> _TASK BRIEF_
Lines from the beginning of the data below through the one containing "Flamingo Bath Time Art - View 8" are to be printed exactly as they appear.
(MATERIAL SUPPLIED begins)
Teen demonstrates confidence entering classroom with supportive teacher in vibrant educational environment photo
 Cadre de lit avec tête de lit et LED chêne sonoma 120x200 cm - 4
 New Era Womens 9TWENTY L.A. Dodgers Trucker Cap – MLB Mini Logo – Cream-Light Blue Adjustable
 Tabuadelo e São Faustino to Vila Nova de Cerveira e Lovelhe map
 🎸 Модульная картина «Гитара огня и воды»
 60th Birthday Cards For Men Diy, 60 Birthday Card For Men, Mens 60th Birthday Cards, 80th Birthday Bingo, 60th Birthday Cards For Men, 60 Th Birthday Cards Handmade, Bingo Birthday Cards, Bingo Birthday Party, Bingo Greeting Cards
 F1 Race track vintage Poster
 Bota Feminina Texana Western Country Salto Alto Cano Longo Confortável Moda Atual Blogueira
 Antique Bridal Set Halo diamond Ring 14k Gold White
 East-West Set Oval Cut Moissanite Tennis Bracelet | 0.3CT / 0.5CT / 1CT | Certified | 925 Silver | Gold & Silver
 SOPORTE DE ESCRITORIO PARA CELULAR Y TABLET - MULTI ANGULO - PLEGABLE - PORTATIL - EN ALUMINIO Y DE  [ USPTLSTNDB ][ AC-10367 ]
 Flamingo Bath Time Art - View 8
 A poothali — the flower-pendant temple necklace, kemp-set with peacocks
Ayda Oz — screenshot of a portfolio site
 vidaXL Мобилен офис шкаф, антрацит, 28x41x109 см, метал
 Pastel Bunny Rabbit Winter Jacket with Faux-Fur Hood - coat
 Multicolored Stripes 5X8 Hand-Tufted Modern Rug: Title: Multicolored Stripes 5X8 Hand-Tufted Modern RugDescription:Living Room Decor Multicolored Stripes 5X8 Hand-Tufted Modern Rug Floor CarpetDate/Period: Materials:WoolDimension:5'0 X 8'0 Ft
(MATERIAL SUPPLIED ends)
> _TASK RESPONSE_
Teen demonstrates confidence entering classroom with supportive teacher in vibrant educational environment photo
 Cadre de lit avec tête de lit et LED chêne sonoma 120x200 cm - 4
 New Era Womens 9TWENTY L.A. Dodgers Trucker Cap – MLB Mini Logo – Cream-Light Blue Adjustable
 Tabuadelo e São Faustino to Vila Nova de Cerveira e Lovelhe map
 🎸 Модульная картина «Гитара огня и воды»
 60th Birthday Cards For Men Diy, 60 Birthday Card For Men, Mens 60th Birthday Cards, 80th Birthday Bingo, 60th Birthday Cards For Men, 60 Th Birthday Cards Handmade, Bingo Birthday Cards, Bingo Birthday Party, Bingo Greeting Cards
 F1 Race track vintage Poster
 Bota Feminina Texana Western Country Salto Alto Cano Longo Confortável Moda Atual Blogueira
 Antique Bridal Set Halo diamond Ring 14k Gold White
 East-West Set Oval Cut Moissanite Tennis Bracelet | 0.3CT / 0.5CT / 1CT | Certified | 925 Silver | Gold & Silver
 SOPORTE DE ESCRITORIO PARA CELULAR Y TABLET - MULTI ANGULO - PLEGABLE - PORTATIL - EN ALUMINIO Y DE  [ USPTLSTNDB ][ AC-10367 ]
 Flamingo Bath Time Art - View 8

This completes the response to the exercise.